How to Make a Protein Shake or Smoothie
Photo by Tijana Drndarski
Shakes and smoothies may be the simplest and most effective way to supplement your diet with protein and other essential nutrients that you may be missing out on throughout your day.
The good news is, there are no skills or prerequisites to making a smoothie. That’s right, you can be wholly inept in the kitchen and still manage to fix yourself a great tasting and nutritious smoothie. If you can put things in a blender, you’re good to go.
The following are 4 simple steps to creating an effective smoothie. Don’t be afraid to get creative and stray from the lists of ingredients provided. Smoothies are a great way to consume foods that you wouldn’t normally, but should, consume (i.e. probiotics, kale, spinach). When you start to look at smoothies as simply a vehicle for healthy foods you’ll find fun new ways to balance both nutrition and taste.
STEP 1: PICK A DAIRY FREE BASE
The reason we specifically say “dairy free” is because dairy bases like milk and yogurt are not paleo, but if you can tolerate it, feel free to indulge. For the rest of us, the most commonly used bases to use are coconut milk, almond milk and cashew milk. Most of these come in cartons and at times are filled with gums and other fillers that you want to avoid. If your going for thickness cashew milk and coconut milk are your best bet. Once you’ve decided which base to use, pour about 1 – 1 1/2 cups of liquid.
BEST CHOICE: Canned Coconut Milk and Water. Canned coconut milk is the optimal choice in smoothies for 2 reasons: 1) it provides a thick texture that the cartoned milks can’t replicate and 2) it’s pure coconut milk, loaded with all the healthy fats and has less additives. You only need about a 1/3 cup of this stuff and you can just add water for the remaining liquid.
STEP 2: ADD SOME ULTIMATE PALEO PROTEIN
Throw in your favorite Ultimate Paleo Protein powder. Both our performance formula and original formula add a nice fluffy texture and perfectly sweet flavor to each smoothie or shake. Simply pick your favorite and add a scoop to the base.
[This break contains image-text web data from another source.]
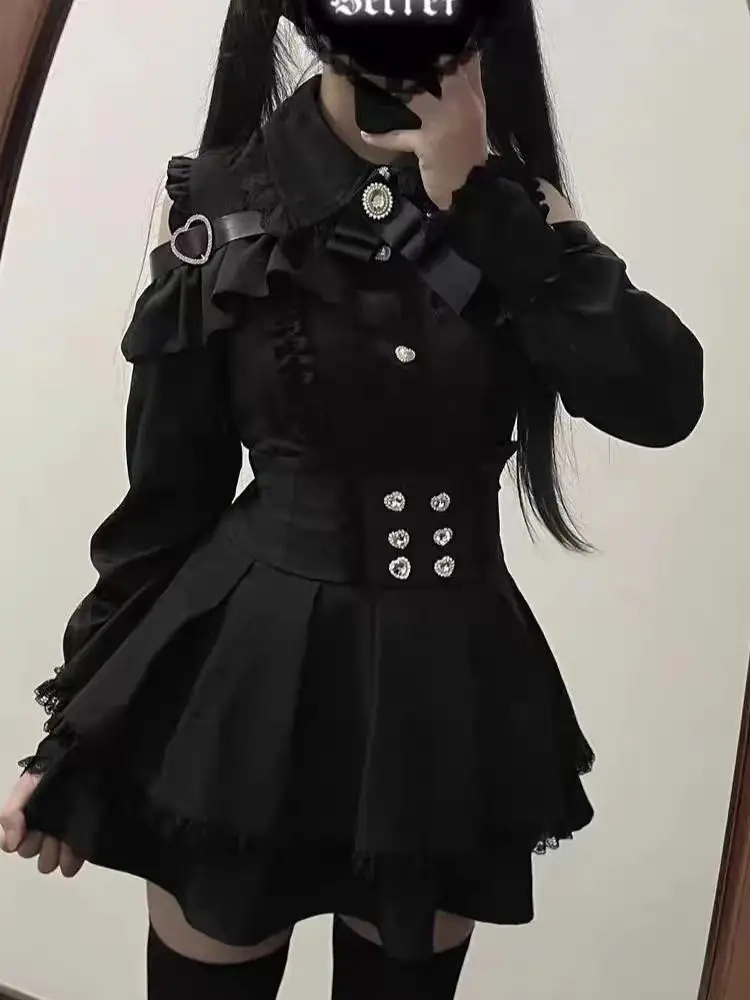 

Japanese Gothic Style Rhinestone Bow Sets Women Lace Off Shoulder Shirt + Mini Plested Skirt Long Sleeve Slim Lolita Y2k Outfits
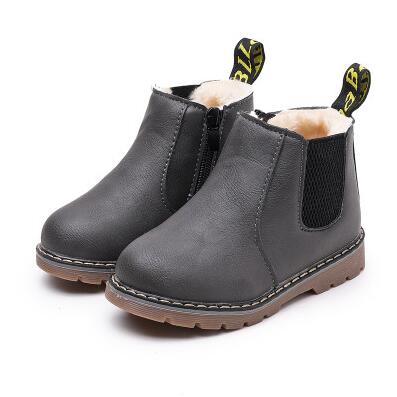 2019 New Autumn Children Shoes PU Leather Waterproof Leather Boots Warm Kids Snow Boots Girls Boys Rubber Boots Fashion Sneakers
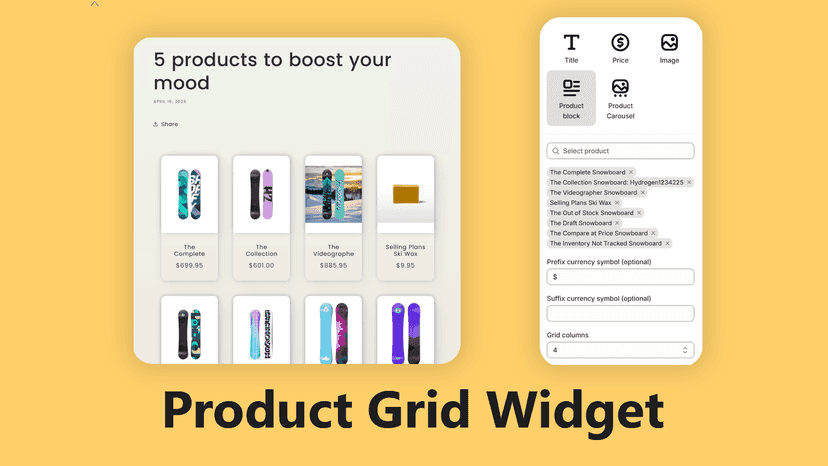 Widget: Product grid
Each scoop contains over 23 grams of protein!
TIP: Once you’ve added both your base and your protein, briefly blend until powder has dissolved. This ensures that the protein powder doesn’t spray when the frozen ingredients are added.
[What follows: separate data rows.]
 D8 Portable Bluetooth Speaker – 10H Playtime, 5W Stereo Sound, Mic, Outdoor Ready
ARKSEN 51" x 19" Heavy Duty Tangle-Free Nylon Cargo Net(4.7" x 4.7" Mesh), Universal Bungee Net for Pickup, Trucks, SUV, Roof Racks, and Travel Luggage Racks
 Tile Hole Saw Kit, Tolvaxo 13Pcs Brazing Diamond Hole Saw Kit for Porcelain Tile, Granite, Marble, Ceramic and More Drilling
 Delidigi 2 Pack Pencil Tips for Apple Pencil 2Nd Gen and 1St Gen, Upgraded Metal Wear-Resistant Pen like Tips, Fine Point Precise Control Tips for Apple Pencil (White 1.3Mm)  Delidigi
STEP 3: ADD SOME FRUITS & VEGGIES
This is where you can get creative. Pick your favorite flavors and mix and match until you land on something tasty! If you struggle to eat enough veggies throughout the day this is the perfect opportunity to throw in some spinach, kale and other superfood vegetables. You’ll find that the vegetables flavors are subtle or almost non-existent (if your skeptical, try our Shamrock Shake). If you use frozen fruits and veggies the you can add little to no ice at the end. If they are not frozen add 5-6 ice cubes.
BEST CHOICE: Bananas and avocados go well with just about every flavor. Bananas provide a subtle sweetness while the avocados thicken the shake and are a great source of healthy fats.
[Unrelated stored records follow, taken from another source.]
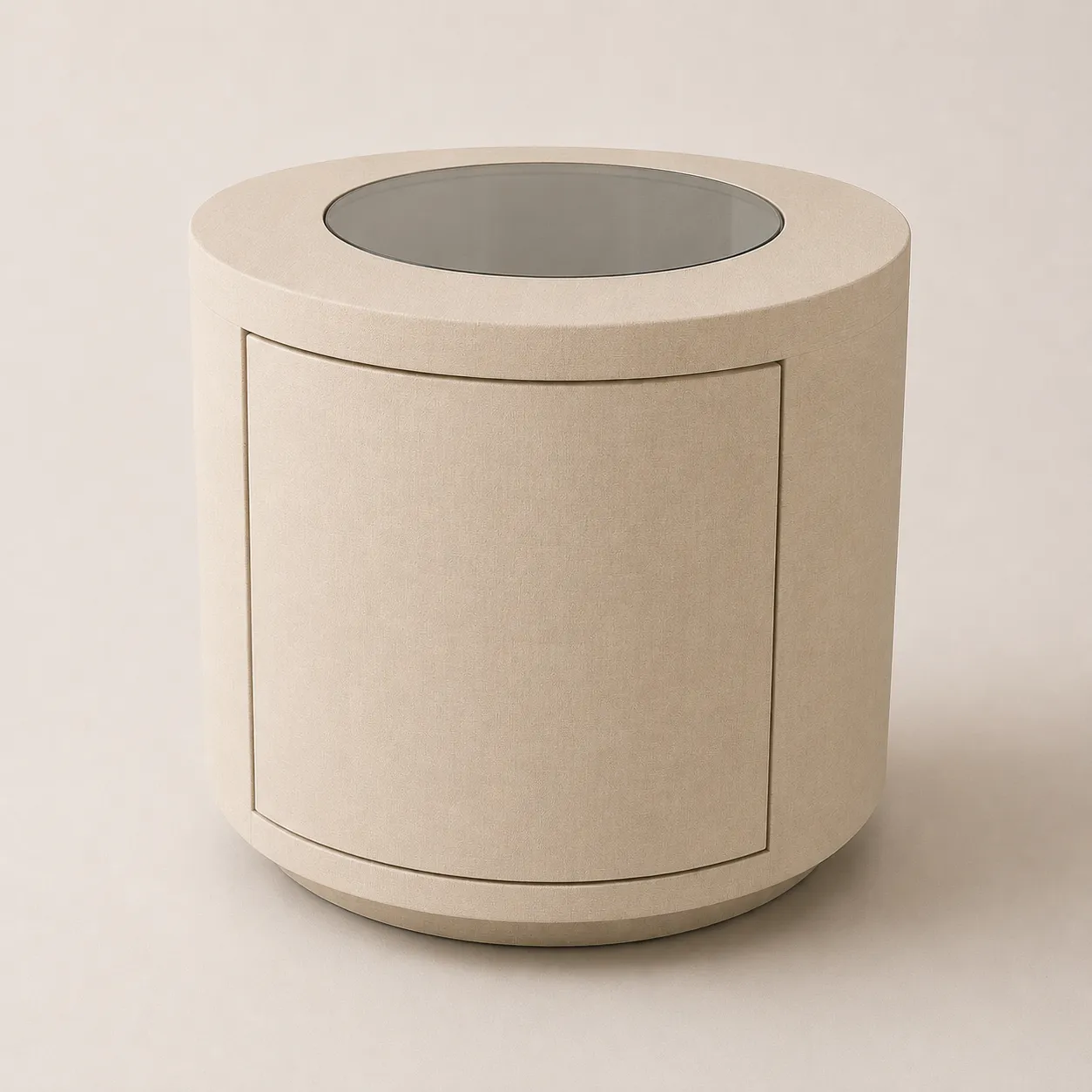 Round Glass Top Nightstand with Curved Drawer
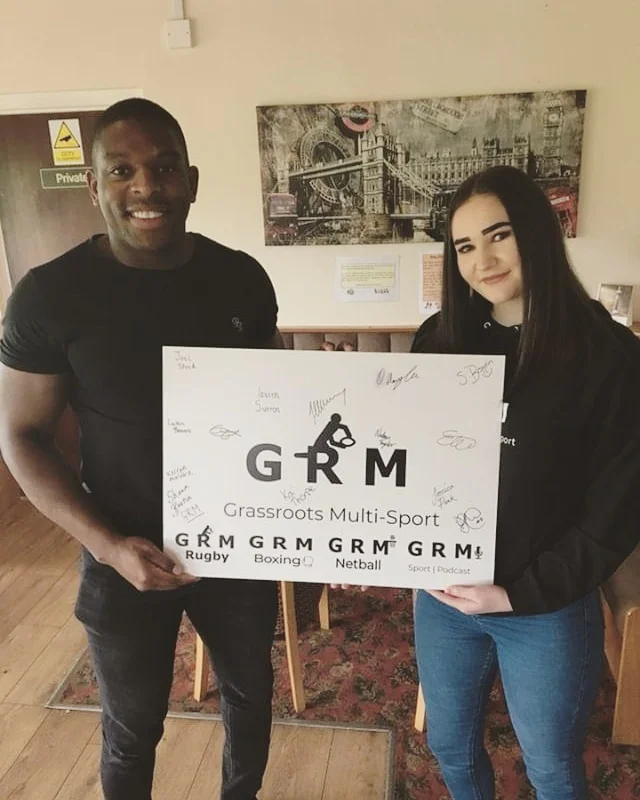 GRM SPORT’s Podcast presenter Lauren Sutton and England international Jermaine McGillvary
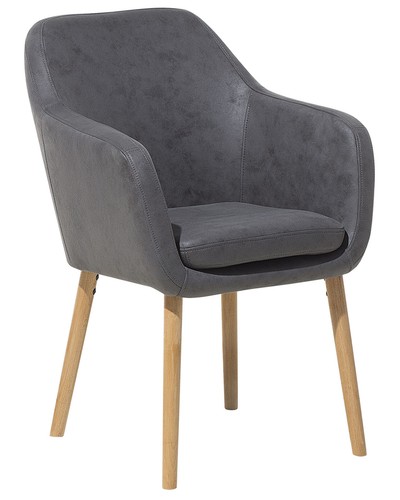 Fauteuil cuir gris et - en,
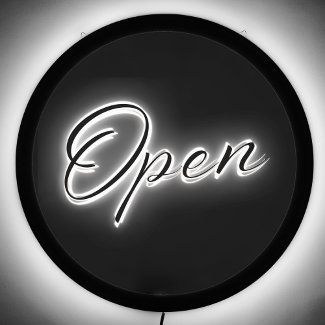 OPEN Black and White Minimalist Elegant Script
STEP 4: ADD SOME HEALTHY BOOSTS
“Healthy Boosts” is simply a general term to refer to any additional ingredient you think might add nutritional value to your shake or smoothie. Don’t be afraid to branch out and get creative. If you struggle to get enough probiotics throughout your day, this is a great opportunity to fulfill that need.
BEST CHOICE: Dynamic Fruits & Greens is like a multivitamin in powder form. It contains over 20 servings of fruits and veggies per scoop! Plus it comes in an assortment of flavors like chocolate, espresso, berry, grape and more.
Shakes and smoothies are a super easy way to fill the gaps in your diet. It’s the most painless way to make sure you’re getting adequate protein, healthy fats and other nutrients. And on top of all that, they taste amazing!